'An Evening with John and Val Lord' offered visitors the chance to travel back in time to the dawn of innovation, with live displays showing how Ice Age implements were created.
“As such an important and unique archaeological site, we wanted to offer people something really different, like the Ice Age workshop,” said Anna Griffiths of Creswell Crags.
John and Val specialise in prehistoric skills, and are experts at flint knapping - the art of making tools out of flint. Flint knapping was adopted by early man in the last Ice Age, between 50,000 and 10,000 years ago.
Visitors at the event soaked up a wealth of exciting information about the period while surrounded by the sounds of the Ice Age as John created a hand axe from a block of flint using bone and quartzite.
He explained how a hand axe would have been used for butchering animals, woodwork and smashing open bones to reach the marrow. Visitors handled the tools John made, which resembled exactly those used by Neanderthals, complete with serrated edges and chopping surfaces.
The development of tools was also explained, as John showed visitors how blades could be fitted into wood or antler to make sharp implements.
As well as the live flint knapping display, there was an impressive collection of replica and genuine Ice Age artefacts, including items found in Creswell’s caves which date back to around 40,000 years ago.
John explained why the workshops are so enjoyable: “We do really active demonstrations, and try to encourage people to connect with the period, imagining what it would have been like to have lived and survived thousands of years ago.”
Val Lord specialises in working with bone, antler and other natural materials and she showed how to make impressively strong string and rope from stinging nettles. The string would have been used to bind tools together, such as attaching a flint blade to a wooden handle to create an axe for tree-felling.
The evening seemed to be very popular with those who went along. “I found it really exciting to see what prehistoric man was capable of making," said one visitor. "To hold a tool which had been made by a Neanderthal here in Creswell over 40,000 years ago is truly mind-blowing.”
Creswell Crags is a picturesque limestone gorge, scattered with caves where stone tools and remains of animals suggest a fascinating story of life from the beginning of human evolution. The site is very important in the history of human development, as its network of ancient caves is home to the oldest examples of art in Britain.
In 2003 archaeologists discovered engravings of Ice Age animals on the walls and ceiling of the Church Hole cave in Creswell. More engravings and drawings have been found in other caves and Church Hole is believed to be the richest sculptured rock art ceiling in the world.
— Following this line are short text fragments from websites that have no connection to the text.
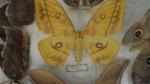 Boîte entomologique vitrée contenant 11 spécimens de lépidoptères nocturnes exotiques...
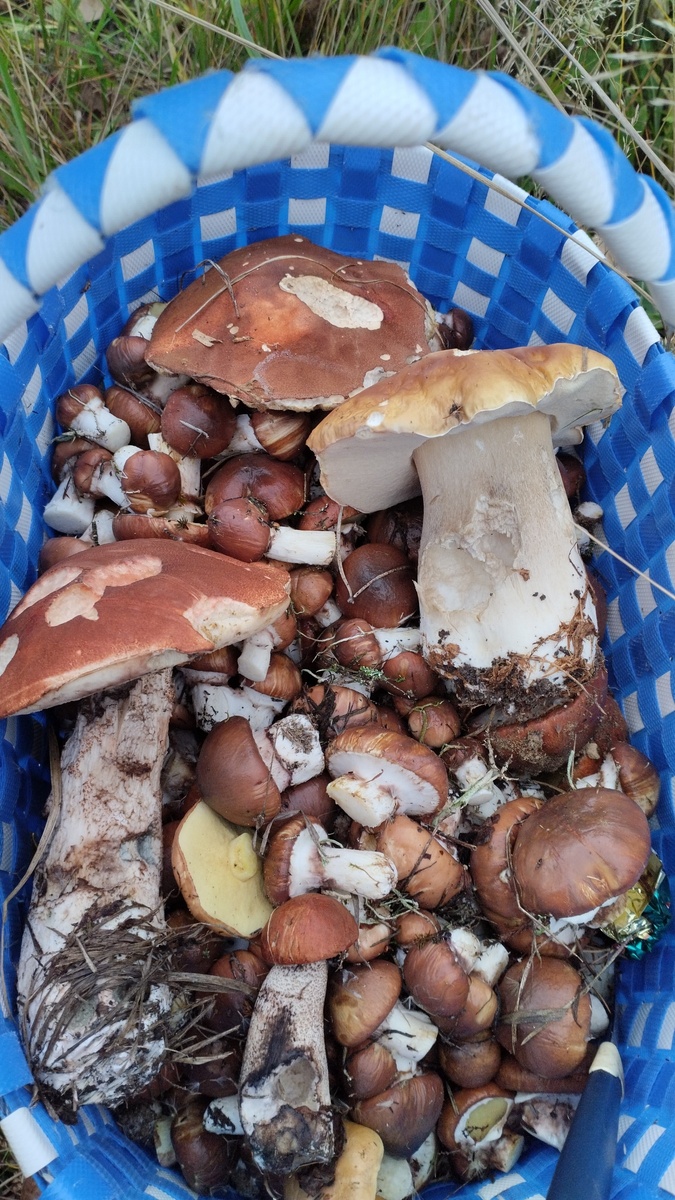 Фото Татьяны Руденко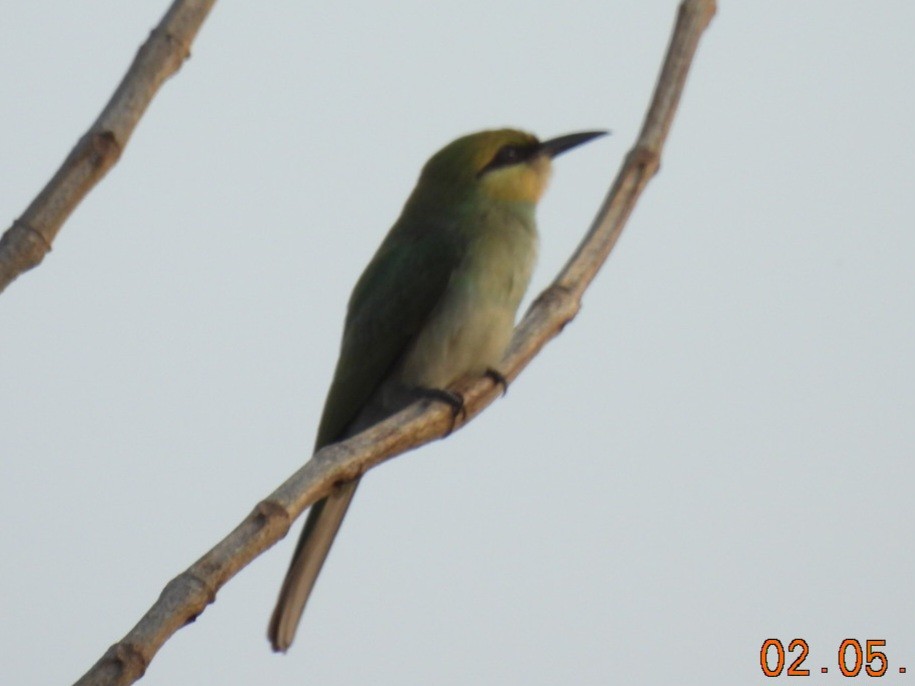 Asian Green Bee-eater - ML618412059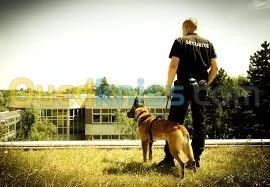 GARDIENNAGE, SURVEILLANCE SECURITE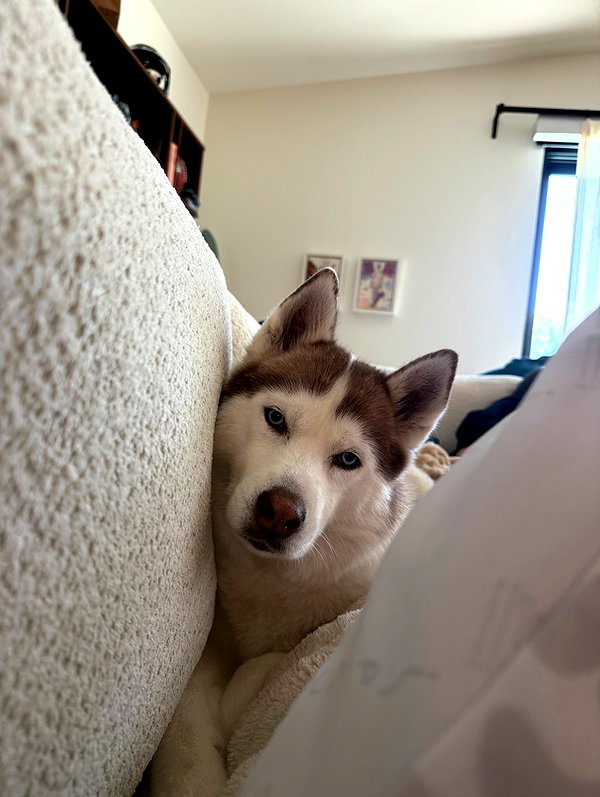 gabimfmoura instagram image archive image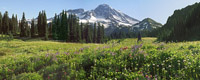 Indian Henry's Wildflowers, Mount Rainier National Park, Washington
The engravings represent a wide variety of animals we would recognise today, including deer, horses, bison, bears and birds. The art in the caves was created using sharp flint tools to engrave the outlines and contours of animals.
Continuing the innovation theme, Creswell is holding ‘Sonic Timeline’ workshops with artist Brian Boothby, who specialises in sound design. On May 31, people are invited to come along and help create a sonic timeline of the Crags.
“We will be experimenting with prehistoric noises, lost languages and modern sound, playing them in different areas of the gorge and seeing what imagery is created by these sounds,” says Anna Griffiths from Creswell Crags.
Tours of the caves are also available from March through to September.